L’Institut national de recherche pour l’agriculture, l’alimentation et l’environnement (INRAE) est un établissement public de recherche rassemblant une communauté de travail de 12 000 personnes, avec 272 unités de recherche, de service et expérimentales, implantées dans 18 centres sur toute la France. INRAE se positionne parmi les tout premiers leaders mondiaux en sciences agricoles et alimentaires, en sciences du végétal et de l’animal. Ses recherches visent à construire des solutions pour des agricultures multi-performantes, une alimentation de qualité et une gestion durable des ressources et des écosystèmes.

LBE

Le Laboratoire de Biotechnologie de l'Environnement (LBE) est une unité propre de recherche du centre Occitanie-Montpellier de l’Institut National de Recherche pour l’Agriculture, l’alimentation et l’Environnement (INRAE), située à Narbonne. Les recherches menées au LBE visent à développer le concept de bioraffinerie environnementale qui consiste à valoriser les résidus, déchets, effluents organiques ainsi que certaines biomasses en produits d'intérêt industriel (bioénergies, biomolécules, amendement et fertilisant organique) tout en minimisant leur impact environnemental et sanitaire. Symbolisées par la production de bioénergies (eg., via le biométhane et le biohydrogène par des écosystèmes anaérobies), les recherches du LBE cherchent à traiter et/ou valoriser les rejets organiques, qu'il s'agisse d’effluents liquides (agroalimentaires en particulier), de résidus solides (résidus agricoles, déchets ménagers et boues issues des stations d'épuration) ou de biomasses spécifiques telles que les micro-algues ou les cultures intermédiaires à vocation énergétique (CIVE). Cette valorisation se décline en intégrant explicitement les contraintes d'innocuité sanitaire (eg., liées à la présence de résidus pharmaceutiques, de détergents et/ou de pathogènes…). L’ensemble de ses recherches couvre un très large spectre de compétences disciplinaires : microbiologie, écologie microbienne, génie biologique, génie des procédés, modélisation, automatique et transfert industriel. Le LBE bénéficie d’une implantation de 4757 m² de surface, dont 1882 m² de halle expérimentale, et d’un équipement scientifique et analytique permettant la mise en place et le suivi d'expérimentations à différentes échelles.

GRDF

GRDF, gestionnaire principal de distribution de gaz en France, joue un rôle majeur dans la transition énergétique. L'entreprise soutient la filière méthanisation, qui transforme de la matière organique en biométhane, injecté dans le réseau après épuration. Ce processus valorise des déchets et co-produits agricoles tout en réduisant les émissions de gaz à effet de serre, contribuant ainsi aux objectifs de neutralité carbone et à l'indépendance énergétique du pays d'ici 2050.
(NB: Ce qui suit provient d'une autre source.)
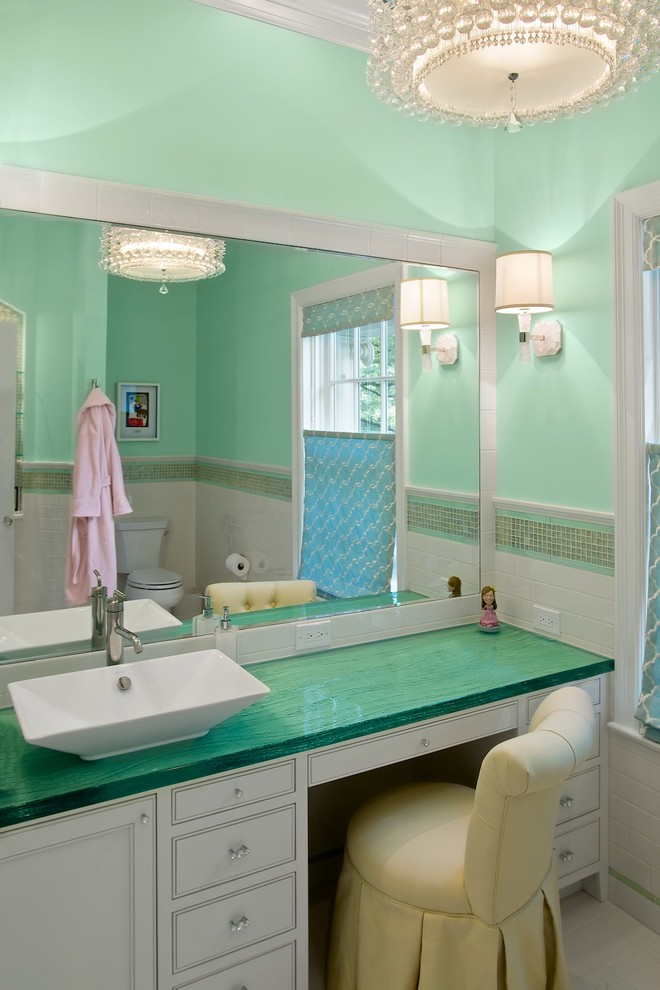 Transitional bathroom in Cincinnati with a vessel sink, white cabinets, white tile, green walls and green benchtops.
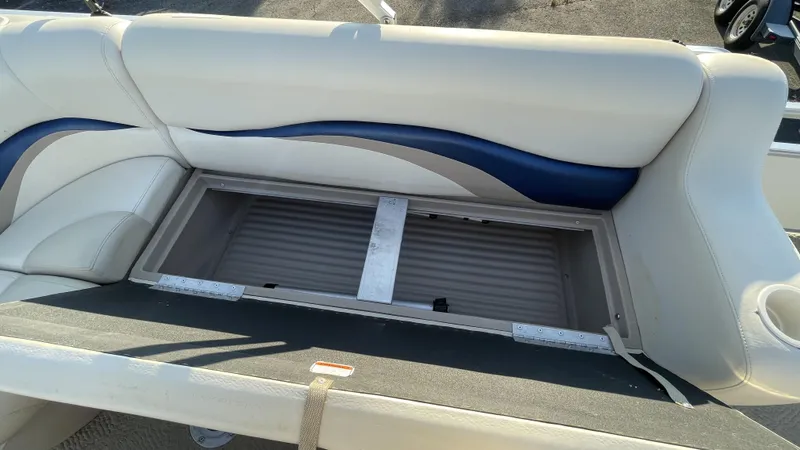 Slide: The Image of 2007 Sun Tracker Fishing Deck 21 boat seat with open storage compartment. - 3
Environnement de travail, missions et activités

Contexte

Pour limiter la hausse des températures à +2°C (COP 21), la France s’est fixé comme objectif d’atteindre la neutralité carbone à horizon 2050 en divisant par 6 ses émissions de gaz à effet de serre (GES) et en doublant ses puits de carbone. L’agriculture, qui représente environ 20% des émissions nationales de GES, peut contribuer à la neutralité carbone en i) réduisant ses propres émissions (CH4 et N2O majoritairement) ; ii) en augmentant le stockage de carbone dans les sols agricoles ; iii) en produisant des sources d’énergie renouvelables qui se substituent aux énergies fossiles. 

La méthanisation constitue un levier majeur pour atteindre la neutralité carbone en 2050 en France, en transformant des matières organiques en biogaz renouvelable et en réduisant ainsi les émissions liées aux énergies fossiles. Elle participe également à une gestion plus durable des déchets tout en produisant un fertilisant naturel qui limite le recours aux intrants chimiques. Le secteur agricole est au cœur de ce développement, car il pourrait fournir l’essentiel des ressources mobilisables nécessaires au fonctionnement des unités de méthanisation. Parmi ces ressources, les Cultures Intermédiaires à Vocation Energétique (CIVE) représentent plus du tiers du gisement mobilisable. Implantées entre deux cultures principales successives elles permettent à la fois le stockage de carbone dans le sol et la production d’énergie renouvelable par méthanisation. Les récoltes (une à deux par an) doivent permettre d’alimenter les méthaniseurs tout au long de l’années et sont donc stockées grâce à la méthode de l’ensilage. La bonne réussite de l’étape de stockage est une étape déterminante qui conditionne la valorisation optimale du potentiel énergétique des récoltes.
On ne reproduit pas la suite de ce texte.